I’ve heard it before: Once you have a baby, your friendships with your non-baby-having friends suddenly change, become strained, or even cease to exist. A friend of mine recently sent me an MSNBC Article: “Baby makes 3: How kids rattle friendships. Child-free pals often feel dumped just when new moms most need support.”
I read it with interest–just as I had other articles that broach the subject of how friendships change after you have kids. And I also breathed a sigh of relief that a friend with a child–not a friend without–was the one who sent it to me.
Even though I’ve seen many articles that predict the ultimate demise of most mom and non-mom friendships, I’m happy to report my friendships with my childless friends still exist. They didn’t dump me when I had a kid, and I’ve tried not to dump (or bore) them.
Although, to be honest, our friendships have changed a bit. For one thing, I’m not always available to chat like I used to be. Just recently a good friend called to talk, and I had to end the conversation because O was fussing. Then she called another day, and I had to cut the conversation short because O was fussing (See a pattern, here?) And I feel bad about that. But what can I do? Ignore O? Not really an option, plus, I’m sure she doesn’t want to hear a crying baby either.
I have also started to become more conscious of how much I talk about O with my childless friends. Sure, they probably do want occasional updates, but I know they probably don’t care how many teeth he has (I’m not even sure my child-having friends care.) Yet, I’m compelled to give them this–and other baby information–on a semi-regular basis. So, I’m trying to curtail any incessant baby-sharing.

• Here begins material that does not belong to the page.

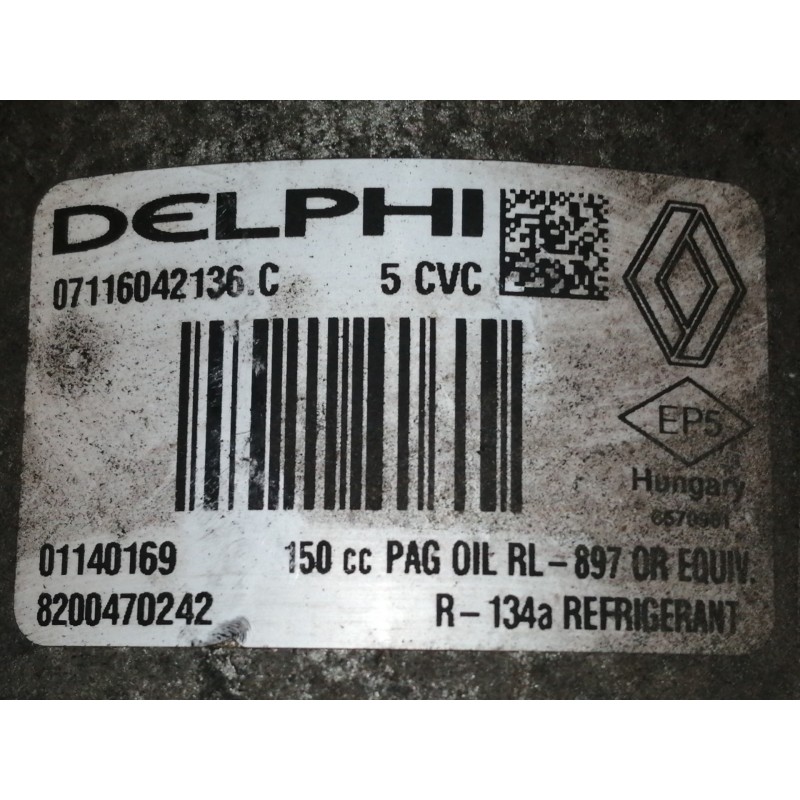 Recambio de compresor aire acondicionado para renault megane ii familiar authentique referencia OEM IAM 8200470242 07116042136C 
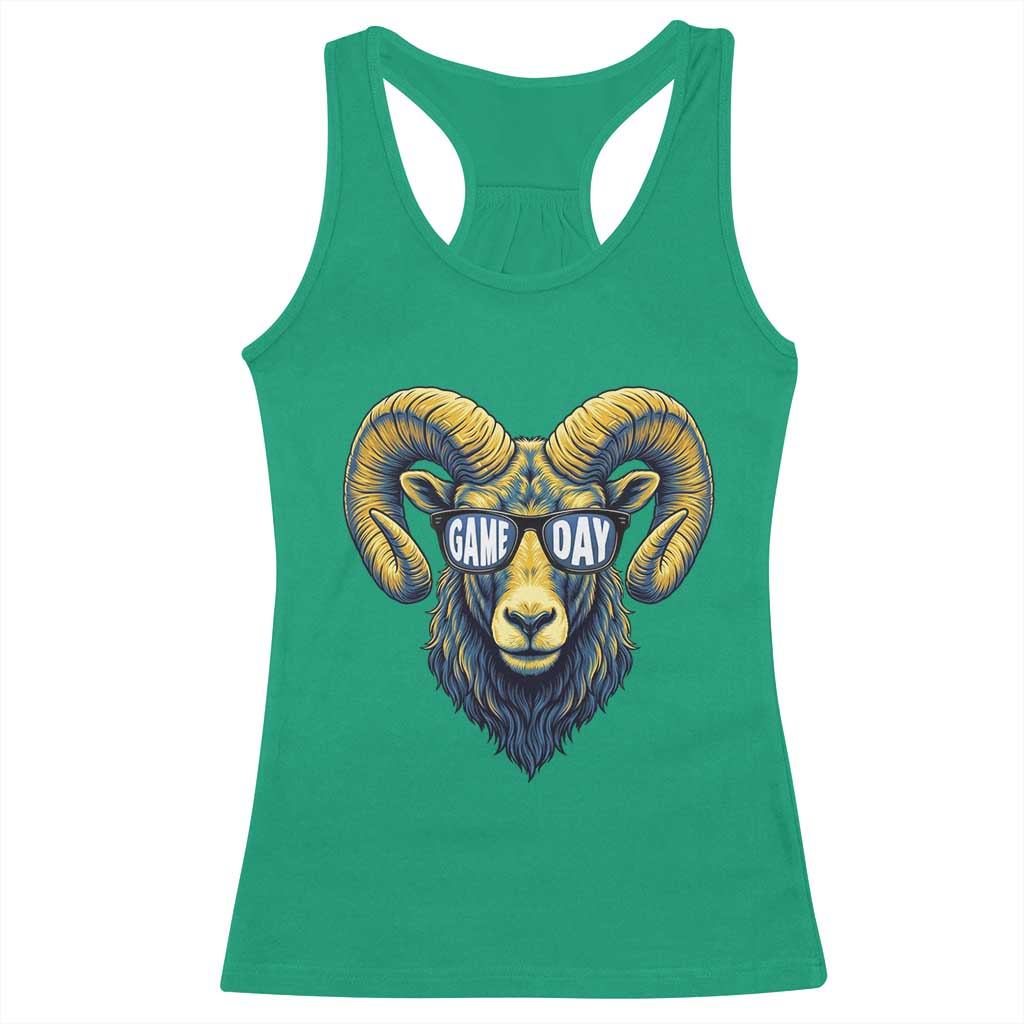 Cool Ram Game Day Bighorn Sheep Graphic Racerback Tank Top Bold Blue and Gold Fan TS02 Irish Green Print Your Wear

In another child- v. non-child-friend moment, I was invited to a Super Bowl party this weekend. The only way I could really attend was to bring O. The host extended an invite to my son, but I had to wonder, did they REALLY want a baby there or did they just invite him to be kind? I’ve been declining too many invitations lately, so I went to the party, O in tow, but I then I began to wonder–have I become that woman that drags her kid everywhere? Never to be seen out of the house without her child–unless she’s at work? Does that annoy my child-free friends?

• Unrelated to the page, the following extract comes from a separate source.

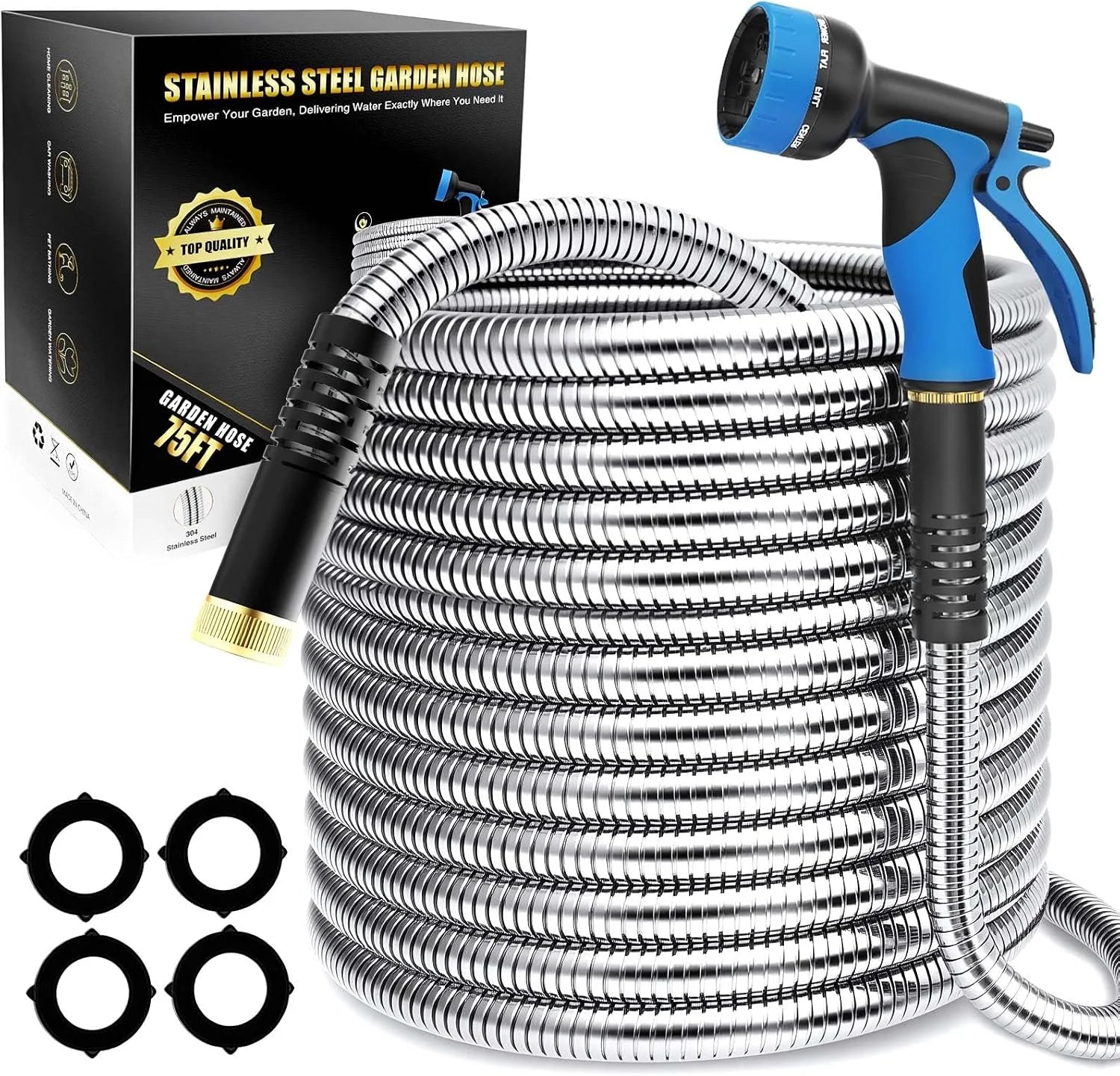 Special 150ft Stainless Steel Garden Hose, No-Kink Leak-Proof Crush Resistant, 10-Function Nozzle for Lawn Care - Image 9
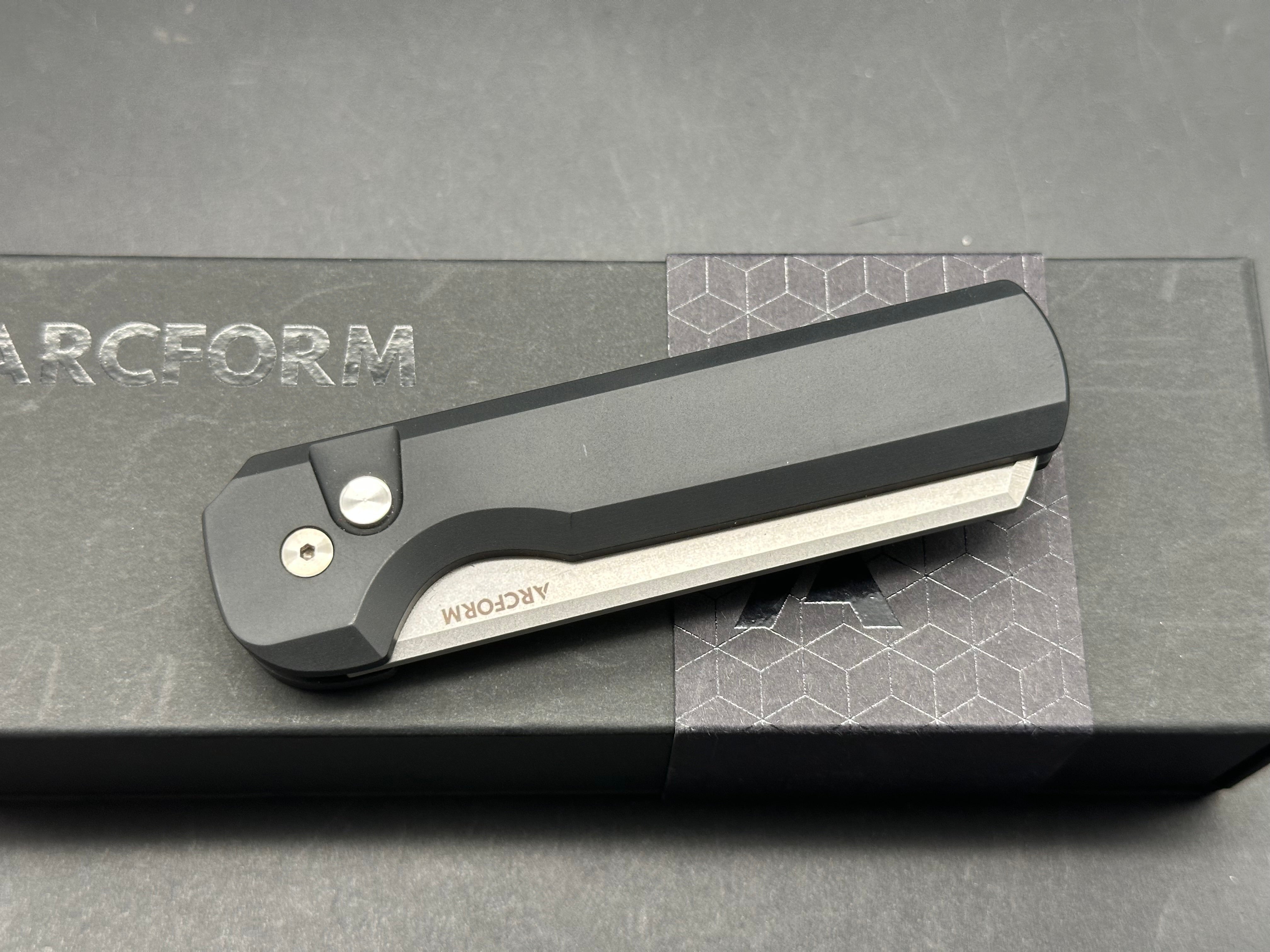 Arcform Slimfoot Auto Knife Black Aluminum 3.125" Stonewash Sheepsfoot 154CM Blade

I’m among the first in my group of friends to have a child. So, I’m wading these waters with uncertainity. My friendships with moms and non-moms both mean a lot to me. I want to make sure none of them fade away. I like hearing about Cassie’s eating schedule or Jonah’s preschool adventure just as much as I like hearing about a single friend’s dating adventures. Having a baby opened a whole new world to me, but it didn’t completely close the one I used to live in.

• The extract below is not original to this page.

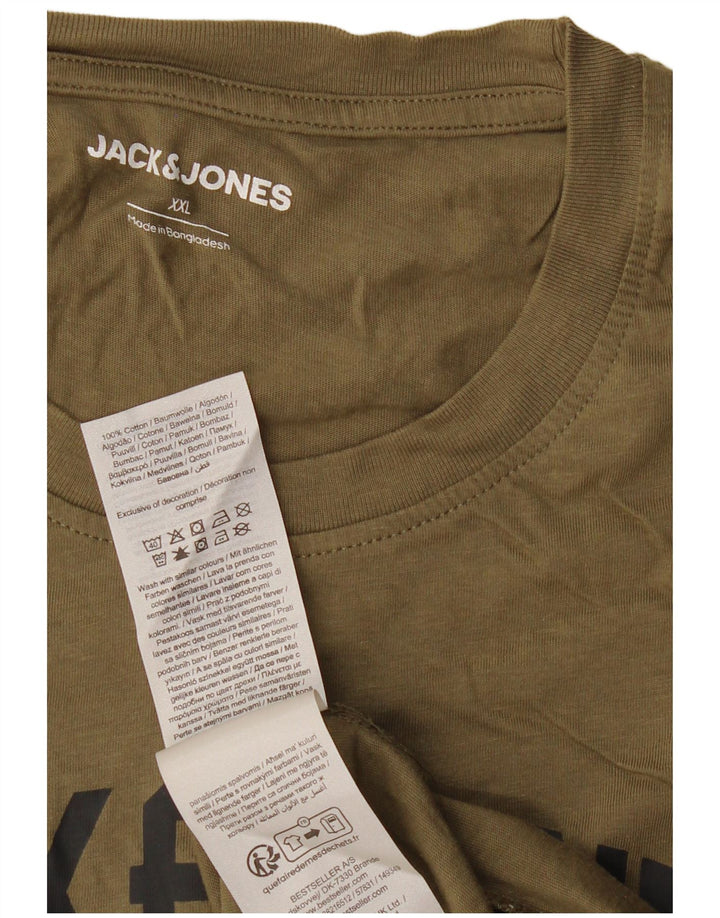 JACK & JONES T-Shirt Graphique Homme Top 2XL Vert Coton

BC (Before Cassie), I had a lot more time to devote to friendships. I don’t think I realized it at the time, though. Now, nearly every minute of every day is “spoken for.” I either work, take care of Cassie, do house stuff and errands, spend a time with my husband, or sleep. In my non-existent spare time, I try to find opportunities to call or email my very closest friends. On rare occasions, I might even go out with them! But it’s tough. I continue to value my friendships and hope my friends can stick with me until I have a little more time for them (someday …)
My friendships definitely changed after I had kids, but I also made new friends who were “there in the trenches” along with me. Now that I’m past the baby/toddler stage, it’s much easier to have a social life with friends who don’t have kids. The first few years, though, are definitely hard on those pre-baby friendships.
I’ve had a lot of friendships that have fizzled since I had my daughter. Mostly, the problem is that my friends without kids don’t understand why I can’t just take off right after work for a couple of drinks or head out to the movies at a moment’s notice. Plus, I worry that they’ll see all the toys around my house and my filthy car and think I’ve turned totally square and unhip. I don’t want to force people to love my daughter or hang out with a toddler if they don’t want to. So I’ve let a lot of my childless friends call the shots, and some have quit calling altoghether. I’m sad about it, but honestly? I don’t have a lot of time and energy right now for folks who aren’t my husband, child, or co-workers. I feel like an asshole for admitting that, but it’s true. Sucky, but true.
I was the first of my group to have a child, and it was soooo hard to stay in touch because I was getting adjusted to this new life. Now they all have kids, and now they understand!!
I admit I’m a part of the mommy mafia… it’s hard to get out! I’d like to see the single folks with no kids out there try to avoid it when they have kids as well. It’s easy to point fingers when you’re not living the reality. However, I am trying to make more of an effort to see my friends without kids. As long as I don’t have to go out past 10:30 🙂
I was just thinking about this very topic this morning. How sad it is that we have good college friends that are in the next town over that NEVER call us. The only time we see them is if we call them or invite them over. (One is married and the other is not.) In this case, they never make the effort and we are starting not to either. We are tired of the one-sided friendship. So sad….
It seems to be even worse when a friend has a child and another friend has infertility issues. Suddenly the pregnant or friend with a child is almost afraid to talk to or get close to infertile friend. Such a weird assumption and so insensitive!